WHAT YOU WILL DO:
Please restate word for word the lines of the entries below from the one with "Used 2024 Hyundai" to the one with "11 Windsor Avenue, Warragul VIC 3820", inclusive, and leave out every picture.

DATA FOR ANALYSIS:
- - -
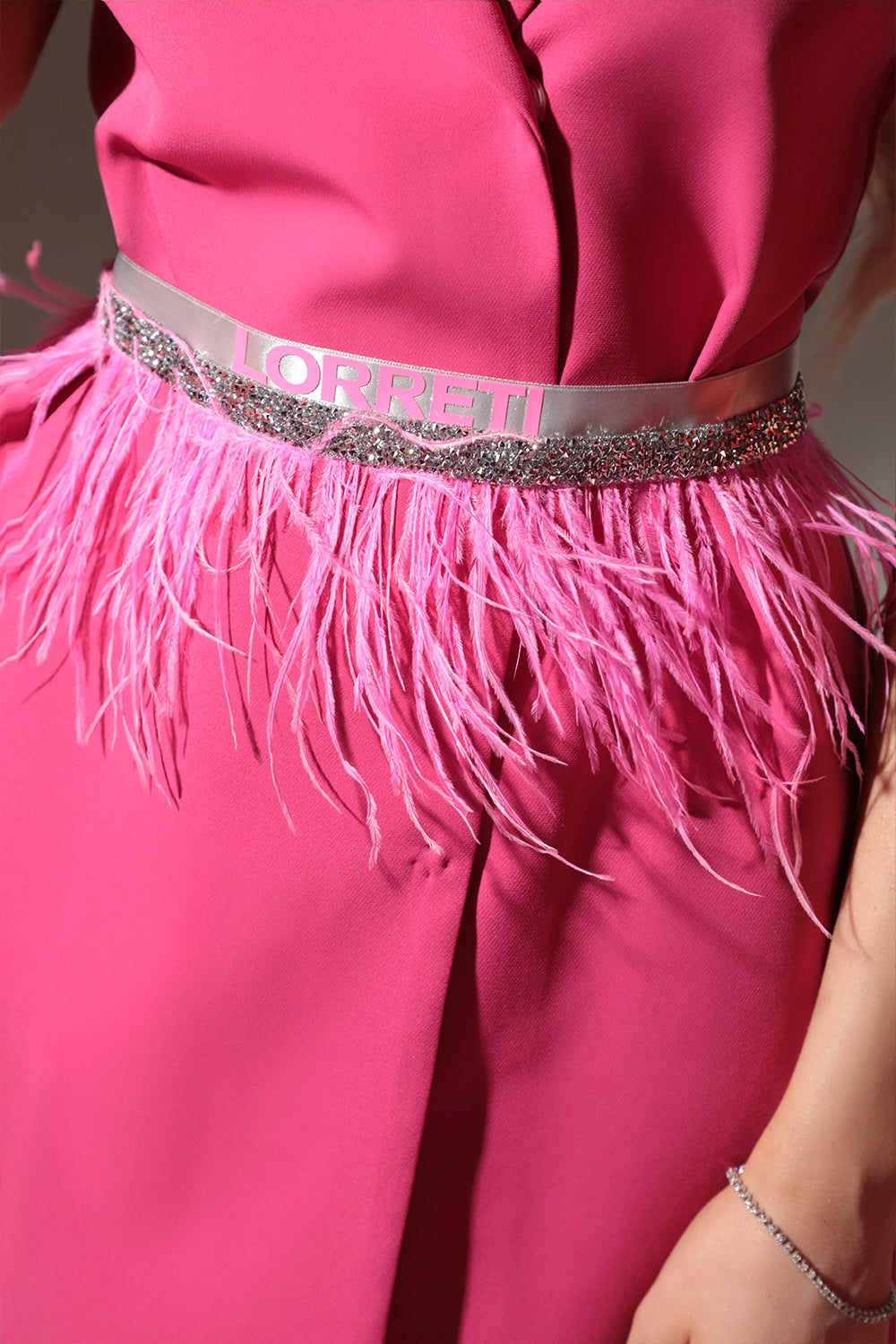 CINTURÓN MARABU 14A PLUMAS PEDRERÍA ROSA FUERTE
- - -
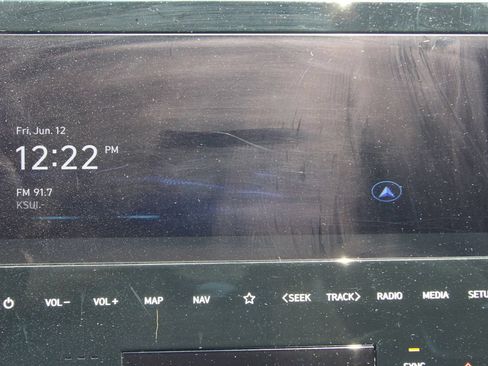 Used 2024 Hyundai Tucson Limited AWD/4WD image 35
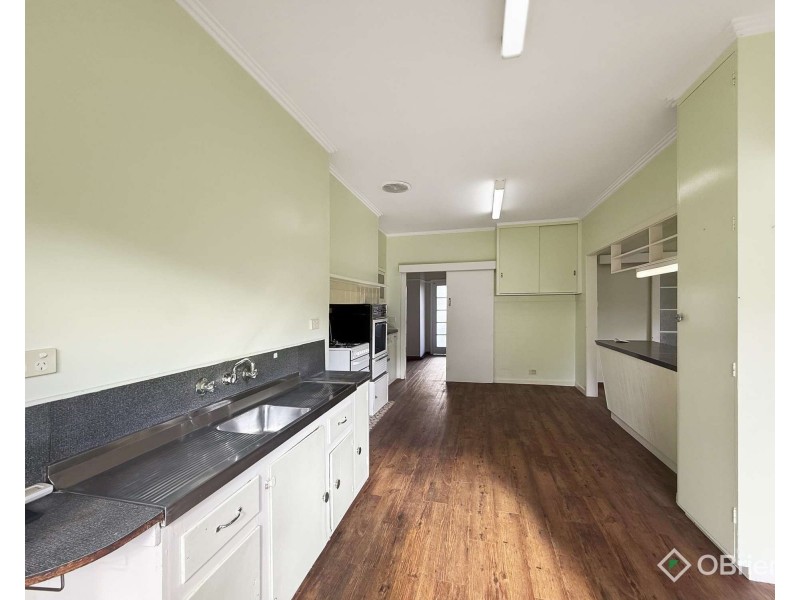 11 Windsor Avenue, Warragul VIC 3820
- - -
SOLVED EXERCISE:
 Used 2024 Hyundai Tucson Limited AWD/4WD image 35
 11 Windsor Avenue, Warragul VIC 3820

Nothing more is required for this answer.